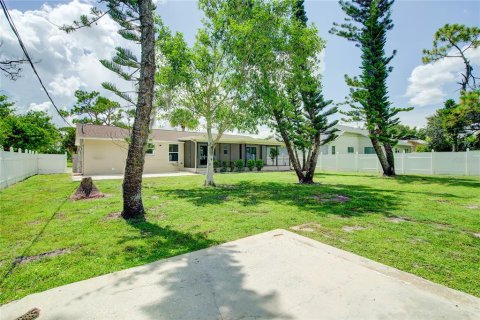 House in Port Charlotte, Florida 3 bedrooms, 138.24 sq.m. № 1829186 - photo 30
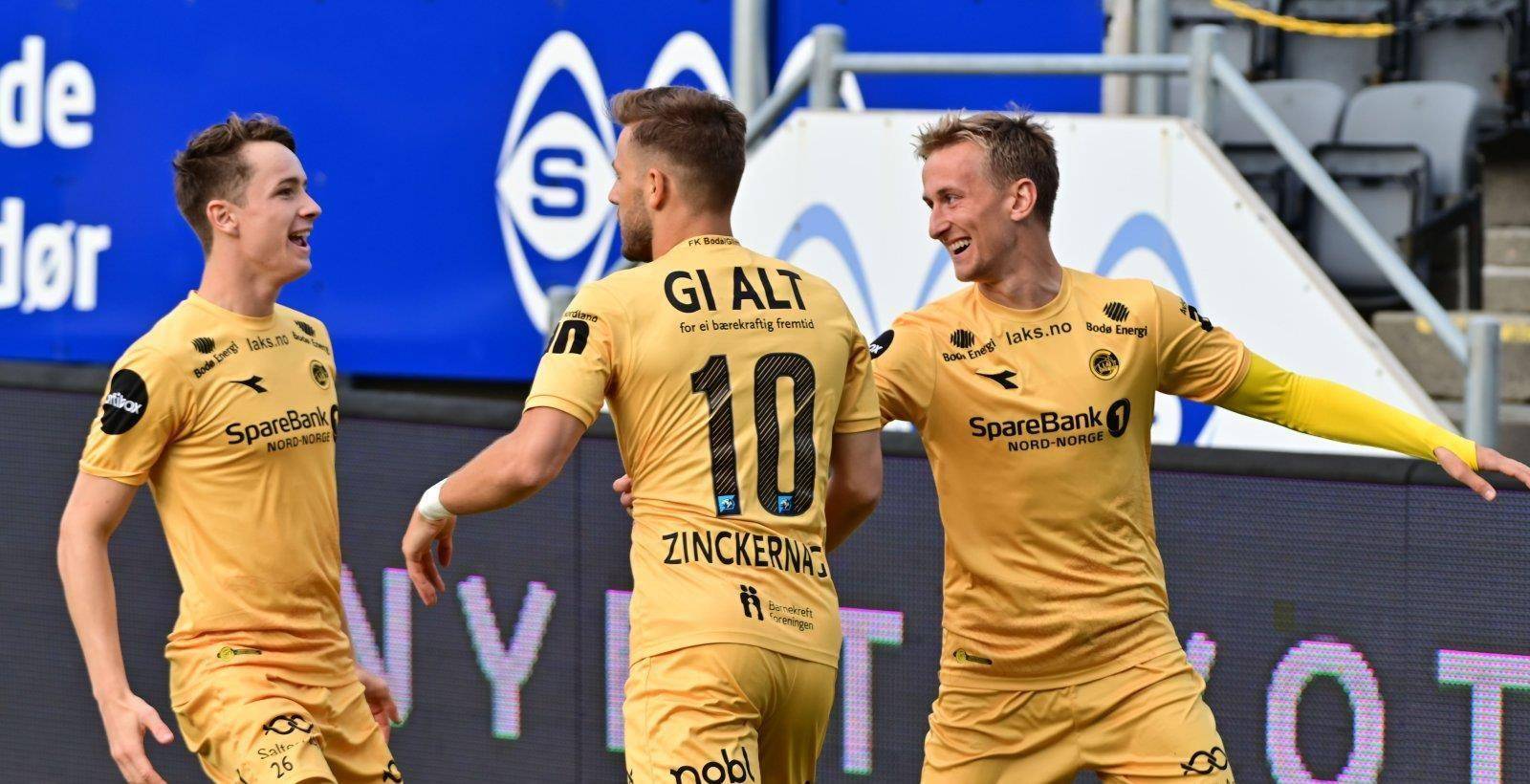 夏天球队的人员发生不小的变化,俱乐部解雇了上个赛季带队夺冠的功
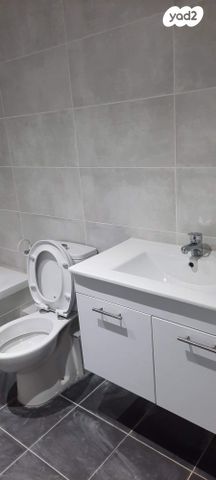 דירה, היוצרים 32, עיר היין, אשקלון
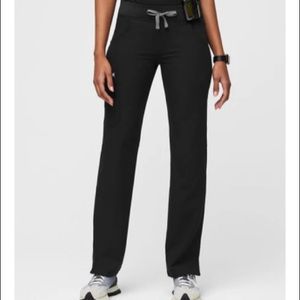 Figs: Kade Cargo XS scrub pant (color black)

########

— Activity —
A faithful transcription of the material, with no pictures, is the expected result.

— Completed task —
 House in Port Charlotte, Florida 3 bedrooms, 138.24 sq.m. № 1829186 - photo 30
 夏天球队的人员发生不小的变化,俱乐部解雇了上个赛季带队夺冠的功
 דירה, היוצרים 32, עיר היין, אשקלון
 Figs: Kade Cargo XS scrub pant (color black)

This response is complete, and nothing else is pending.